Na verdade, Filipe II, filho de Isabel de Portugal e Carlos V, o homem mais poderoso do seu tempo revela-se em toda a complexidade do seu carácter nas cartas que, de Lisboa, envia às filhas adolescentes, órfãs de mãe. Pai atento e amoroso, exulta com os progressos escolares dos filhos mais pequenos, dando opiniões sobre métodos de aprendizagem e brincadeiras pedagógicas. Mais surpreendente do que isso, preocupa-se com o atraso da primeira menstruação da filha mais velha. Sabemos que a puberdade de uma infanta de Espanha era assunto de Estado, mas o rei, revelando um conhecimento profundo do que se passava na ala das mulheres, recomenda a ingestão de caldo de raízes.
Detém-se na observação de pássaros e plantas, revelando uma ternura inesperada pelas coisas pequenas e delicadas dos seus reinos. Certo dia, envia às filhas uma lima, um limãozinho, umas quantas rosas e flor de laranjeira “para que vejais que também as há aqui”.
Temido por milhões, Filipe admitia ralhetes a uma única pessoa, desde que, aos 14 anos, perdera a mãe. Chamava-se Magdalena Ruiz e era uma anã de mau feitio que acompanhava a família real por todo o lado (Sánchez Coello retratou-a ao lado de Isabel Clara Eugénia). Seria provavelmente a única pessoa do mundo a ousar zangar-se com o rei: “A Madalena zangou-se comigo (…) porque não repreendi Luis Tristan a propósito de uma discussão que tiveram à frente do meu sobrinho”, admite Filipe às filhas. Mais adiante, revelar-se-á preocupado com a sua saúde: “Está em mau estado, fraca, velha, surda e meio caduca, e julgo que tudo se deve à bebida”, escreve noutra carta.

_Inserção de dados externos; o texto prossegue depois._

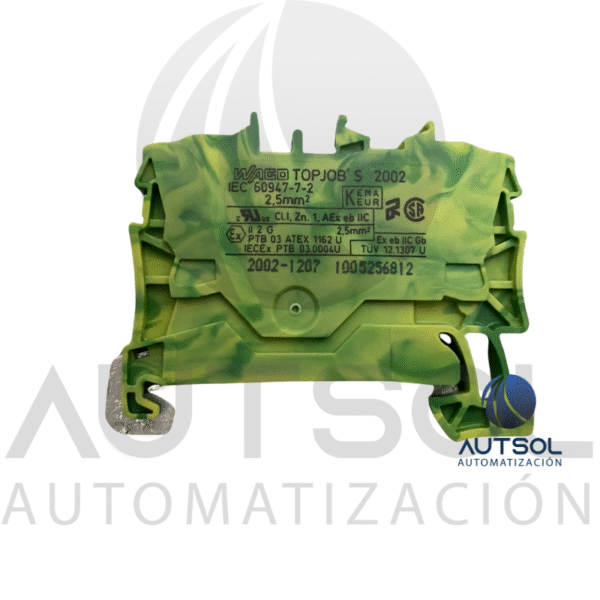 Clema / Borna de Tierra Wago 2002-1207 | 2 Conductores 2.5mm² (AWG 12) | Push-in Ranura | Verde-Amarillo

Santo ou tirano? Provavelmente nem uma coisa nem outra, como quase todos nós. Um homem do seu tempo que não acreditava no livre-arbítrio do indivíduo mas na sujeição ao que considerava serem os desígnios de Deus. No segredo de si mesmo, é bem possível que, ao poder absoluto, tivesse preferido um destino de jardineiro, ocupado apenas com a governança de uma sementeira de rosas e filhos.